Tony Goldman, who was in the process of transforming 13th Street between Chestnut and Walnut streets from a shabby, sparsely patronized urban wasteland into the chic destination it is today, had met with them when they had the idea for Open House. And he liked their style, young and dumb or not.
"He told us he wanted us in the neighborhood," Valerie said.
And now he had an offer that would enable the two women to start their restaurant and the retail renaissance on 13th Street.
"He had connections with banks," Valerie said. "He agreed to put up a $50,000 CD so we could get a loan from a bank."
The success of the two "belles of the block," as they've been called, is one part of the story of 13th Street and the man who salvaged this vital piece of the city.
Goldman, the New York developer who worked his redevelopment magic in Manhattan's SoHo and Miami's South Beach and Wynwood neighborhoods while turning his attention to the rundown 13th Street neighborhood of Center City, died Tuesday of heart failure in New York City. He was 68.
Goldman had an almost mystical knack for looking at a shabby piece of urban real estate and seeing potential. Mayor Nutter said that Goldman "transformed the 13th Street corridor in Center City into a bustling array of hip shops and restaurants."
"Tony Goldman decided he was going to transform 13th Street, and he did," Nutter said. "13th Street is as vibrant and alive as 18th Street."
Nutter called Goldman a "visionary," saying, "I know he was from New York, but he loved Philadelphia."
Valerie Safran remembers when 13th Street was not the best place for a late-night stroll - a dreary district of peep-show houses, sex-toy shops, a palm reader and check-cashing agencies, stalked by dangerous lowlifes.
"We would close the store at 6 when it got dark," she said. "It was rough in the beginning. We were warned not to walk down 13th Street."
That was 10 years ago, and since then the partnership of Valerie and Marcie has become a leading force in the 13th Street turnaround, with six businesses.
This kind of enterprise was what Tony Goldman envisioned for the neighborhood when he began buying up properties in the late '90s. He paid more than $60 million for most of the buildings between 12th and Juniper, from Chestnut to Walnut. Today, every storefront is occupied in a neighborhood that the denizens call "Midtown Village."
Part of Goldman's vision for the neighborhood was art. He was present for the unveiling of the first effort in the neighborhood by the Mural Arts Program in July 2011, by internationally known artist Kenny Scharf. Others are done or in progress.
"Working with him was very exciting," program director Jane Golden said. "He helped us think differently, to broaden how we work."

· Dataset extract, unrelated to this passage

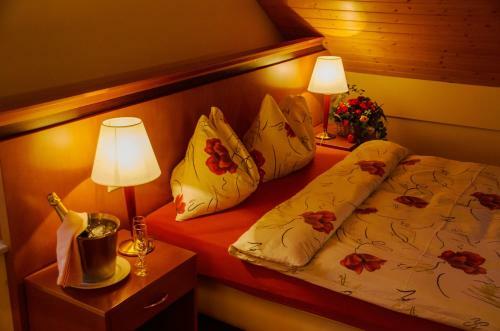 Hotel Auberge Communale � L'union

Goldman, the CEO of Goldman Properties, disliked being called a developer.
"Developers are knock 'em down, build 'em up guys," he told the New York Times in 2000, when he was beginning his Philadelphia project. "That's not me."
He became fond of the city. "I love the little streets," he told the Times. "Street beds 12 feet wide."
Tony Goldman, a native New Yorker, graduated from Emerson College, in Boston, where he met his future wife, Janet. He began renovating properties on the Upper West Side and became famous for his rehabilitation of SoHo in the '70s. He went from there to Miami, then to Philly.
His daughter, Jessica Goldman-Srebnick, is CEO of Goldman's hotel division. His son, Joey, is his father's partner.
The Goldman family said in a statement: "To the community he touched, he was a transforming, once-in-a-lifetime figure. To us, he was a devoted husband, wonderful father and doting grandfather."